Scraped caption text data:

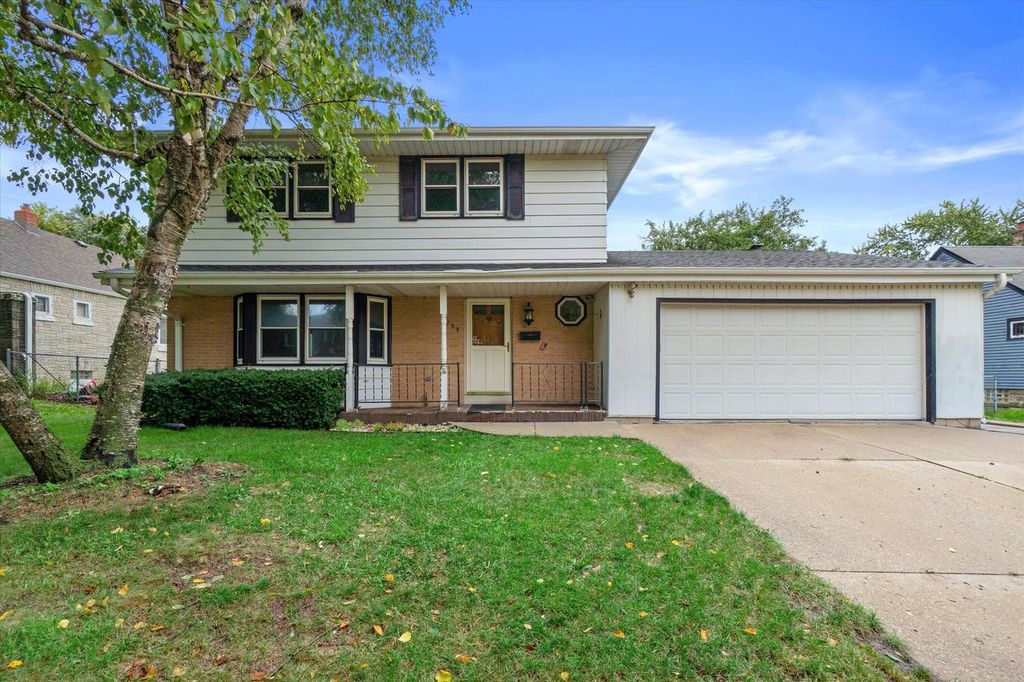 732 S 96th STREET, West Allis, WI 53214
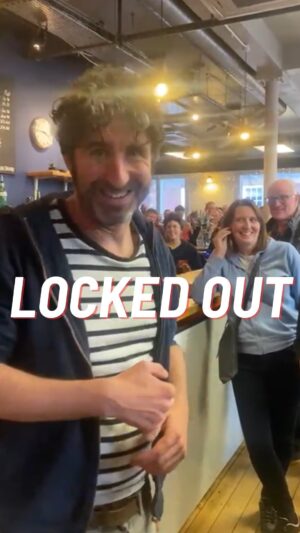 Mark Watson Instagram - Ideally I would’ve liked to start today’s show in the theatre, not the bar…

#markwatson #taskmaster #comedian #tour #standup #bar #pints #bristol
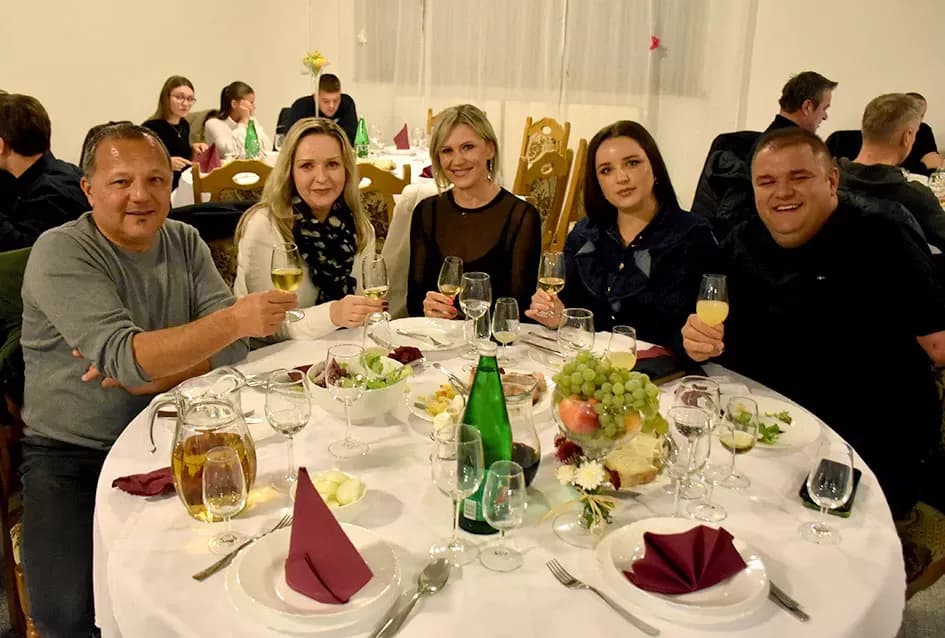 Krštena mlada graševina, kušana rijetka arhivska vina stara preko 30 godina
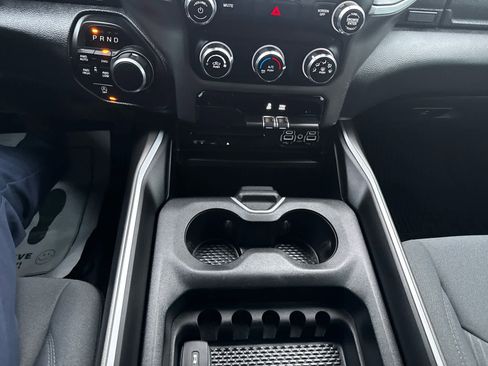 Used 2019 RAM 1500 Big Horn image 23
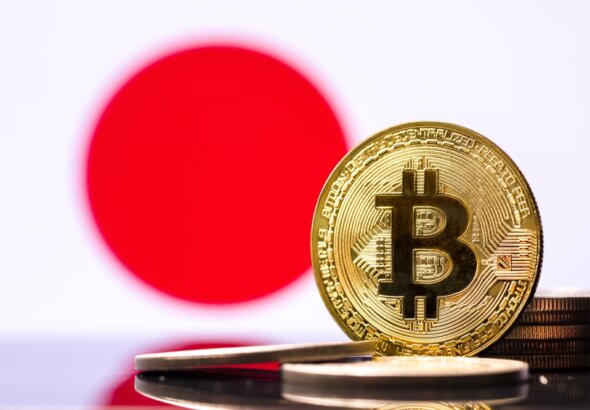 Gold,Metal,Coin,Bitcoin,On,The,Background,Of,The,Flag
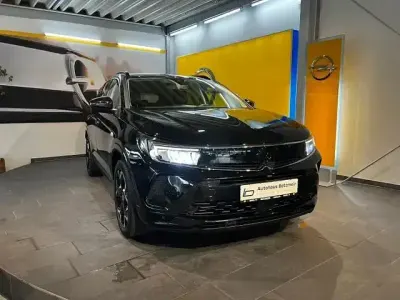 Gebraucht Opel Grandland X S 179 PS (131 kW) 2023 Schwarz SUV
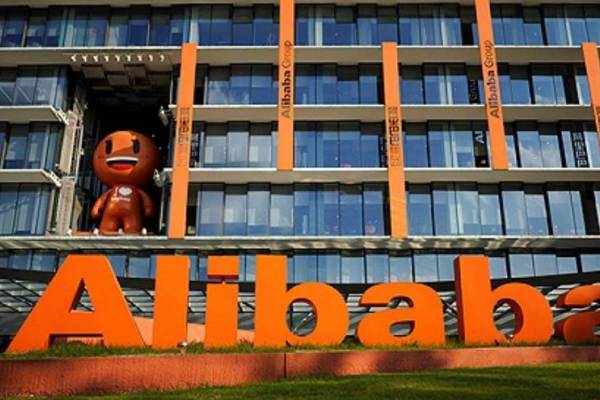 アリババ、21年10-12月期売上高10％増　株価は1年で60％下落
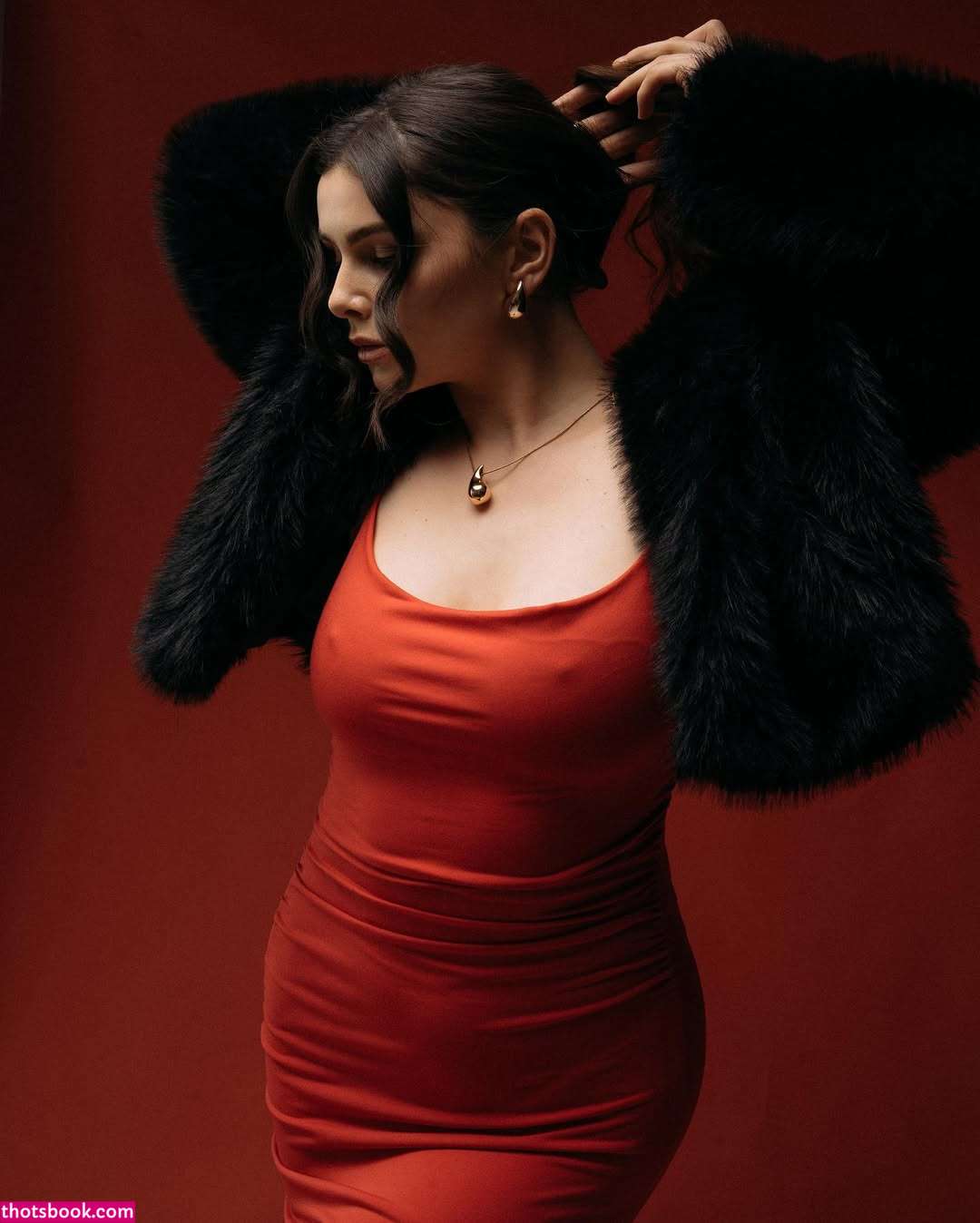 Julia Psuik Photo #26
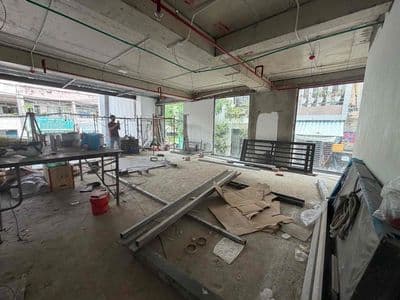 Cho thuê mbkd mặt tiền đang hoàn thiện 180m2 quận 7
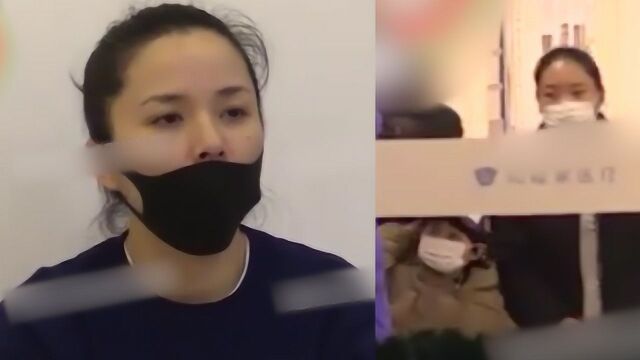 靳东妻子李佳罕见现身,素颜独自带儿子去医院,全程未见靳东身影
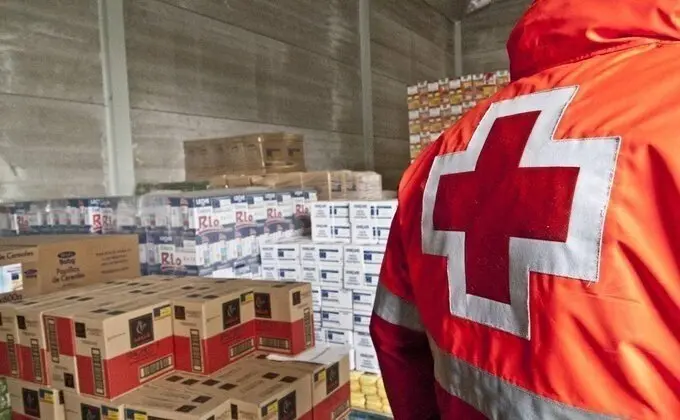 Almacen de alimentos que reparte Cruz Roja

- **Problem**: Set down a word-for-word copy of the records, dropping any picture.

- **Result below**:
 732 S 96th STREET, West Allis, WI 53214
 Mark Watson Instagram - Ideally I would’ve liked to start today’s show in the theatre, not the bar…

#markwatson #taskmaster #comedian #tour #standup #bar #pints #bristol
 Krštena mlada graševina, kušana rijetka arhivska vina stara preko 30 godina
 Used 2019 RAM 1500 Big Horn image 23
 Gold,Metal,Coin,Bitcoin,On,The,Background,Of,The,Flag
 Gebraucht Opel Grandland X S 179 PS (131 kW) 2023 Schwarz SUV
 アリババ、21年10-12月期売上高10％増　株価は1年で60％下落
 Julia Psuik Photo #26
 Cho thuê mbkd mặt tiền đang hoàn thiện 180m2 quận 7
 靳东妻子李佳罕见现身,素颜独自带儿子去医院,全程未见靳东身影
 Almacen de alimentos que reparte Cruz Roja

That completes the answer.